Tuesday, August 01, 2017

Lukaku Pogba Lindelof Matic


Another thing that winds me up about social media gardening groups is when you advise someone on a particular insecticide/fungicide for a problem and some new-age, ecowarrior, knobthwaite cockfondler pipes up about making sure you have a valid sprayer’s licence, full body protection with nipple softeners and plastic cocksock etc etc etc. Oh do me a favour, go put your head between two rounds of bread and make yourself a cunt sandwich. I actually know someone who has a sprayer’s licence and I have serious doubts that he manages to put his own fucking shoes on each morning, so having a licence is no guarantee that you’re able to use chemicals wisely. If I want to use chemicals I’m gonna use ‘em so unless you’re gonna get the PC Police out to raid my potting shed keep shut yer fecking cake’ole. There’s also nothing quite so good at getting the organic keyboard warriors going off on one than to mention a glyphosate based weedkiller manufactured by the apparent evil corporate bastards at Monsanto, it really is great fun winding the twats up. However, they will often recommend their own home-made concoction that has had no scientific testing done and which, as far as I can tell, is an acid. I think I’ll stick to Roundup personally. Gallons of it. So fuck off.



Moving on, Epsom salts are fast becoming my ‘go to’ solution in the garden when a plant looks a bit out of sorts, especially when it comes to greenhouse tomatoes. A couple of months ago my plants were almost yellow but daily sprays with an Epsom salt solution have somehow greened them up into decent looking plants with heavy crops of fruit promised for show time. However, I’m not stupid, this is the 2nd season in a row that this has happened.
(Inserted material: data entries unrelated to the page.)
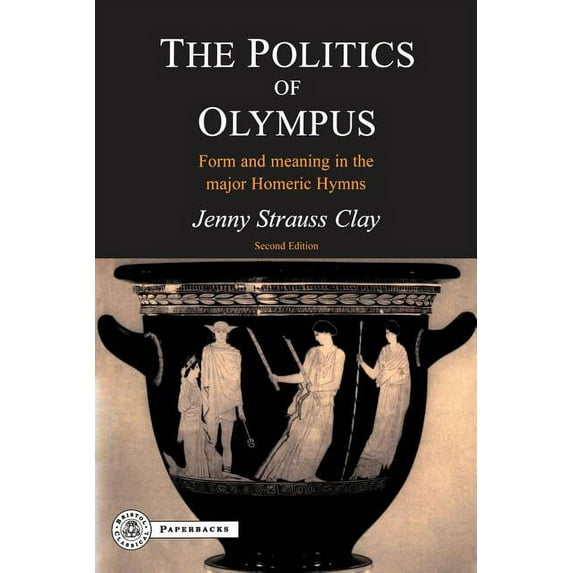 Bcpaperbacks The Politics of Olympus: Form and Meaning in the Major Homeric Hymns, (Paperback)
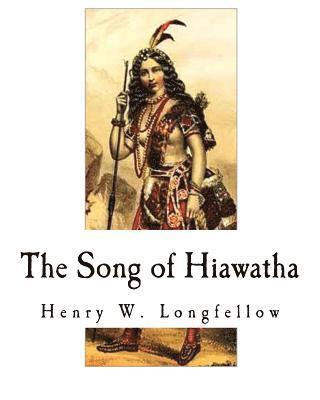 Henry W. Longfellow - The Song of Hiawatha, Häftad. Tillgänglighet: Lägg i varukorg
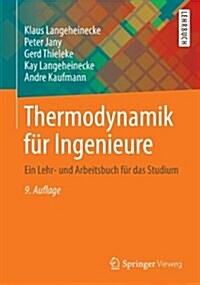 Thermodynamik Fur Ingenieure: Ein Lehr- Und Arbeitsbuch Fur Das Studium (Paperback, 9, 9., Uberarb. U.)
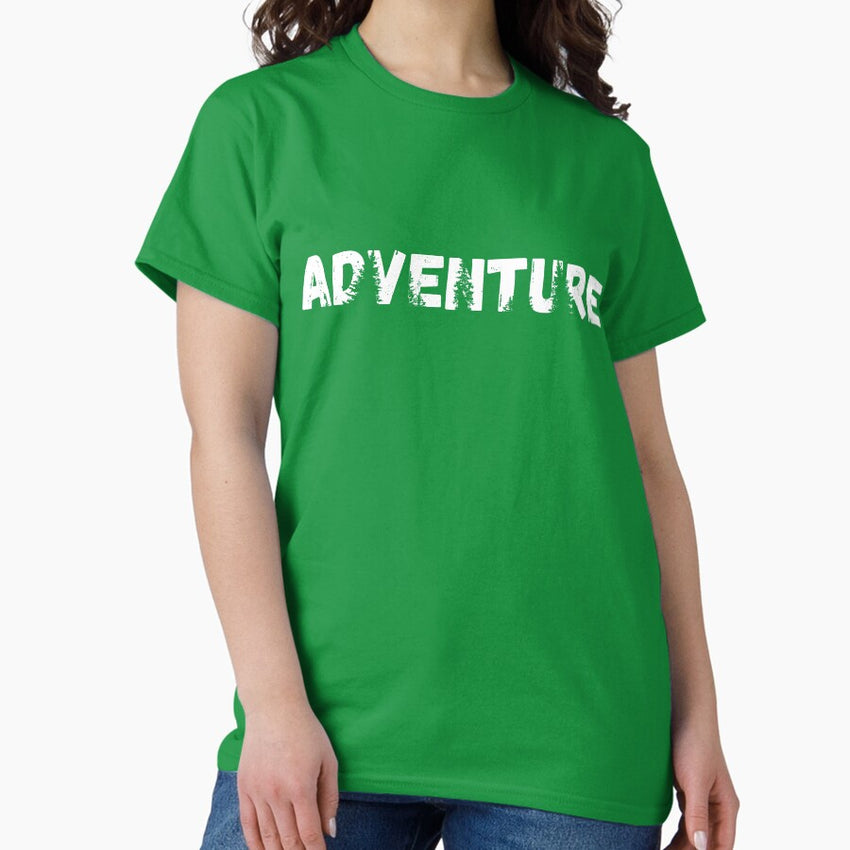 Adventure Is Calling Be Bold Classic T Shirt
Despite flooding the soil prior to planting to mimic winter rains and flush through any excess fertilisers there is obviously an issue with the soil in the border that the tomatoes grow into, so I’ll be sure to change the whole lot before next year. I may look to have a crack with some compost tea as an alternative, something that Gareth Cameron has had brilliant results with and which would be preferable to lugging a couple of tonne of soil around.





Before the season started I was wondering what small fruited tomato to grow for show, having grown Marshalls’ Montello for a one off competition at Malvern last year. I’ve grown various varieties down the years with varying degrees of success, including Harlequin, a small fruited plum variety, to gain a 3rd place ticket at the National. Unlike other vegetables there appears no single cultivar that rules the roost so this season I plumped for Strillo which I had seen win at the highest level before. And I’ve been picking fruits for the kitchen for a few weeks now, but the plants still have many to come so I’m hopeful of having some dishes to show during September, including my local show where the small fruited class has, in brackets, (not plum), so I could never enter Harlequin. The only downside I’ve found with Strillo is that is does have a tendency for the fruits to split, even before they’re fully ripe so we shall see.





My Evening Star celery are progressing reasonably well aside from the usual slug issues. On advice from a former celery National champion Paul McLeod I’ve top-dressed around the base with some fresh compost to encourage further rooting, and this weekend I’ll put some black dpc collars around the cardboard ones to shut out all light. At the moment they’re on 18” collars. I haven’t decided whether to put a 20” collar on yet, as I may just leave them as they are and try and get them to bulk out. From now on they just need water, water, water, but I will start feeding with Chempak 8 in a couple of weeks time, plus a feed of sulphate of potash 3 weeks before the shows to harden them up a bit.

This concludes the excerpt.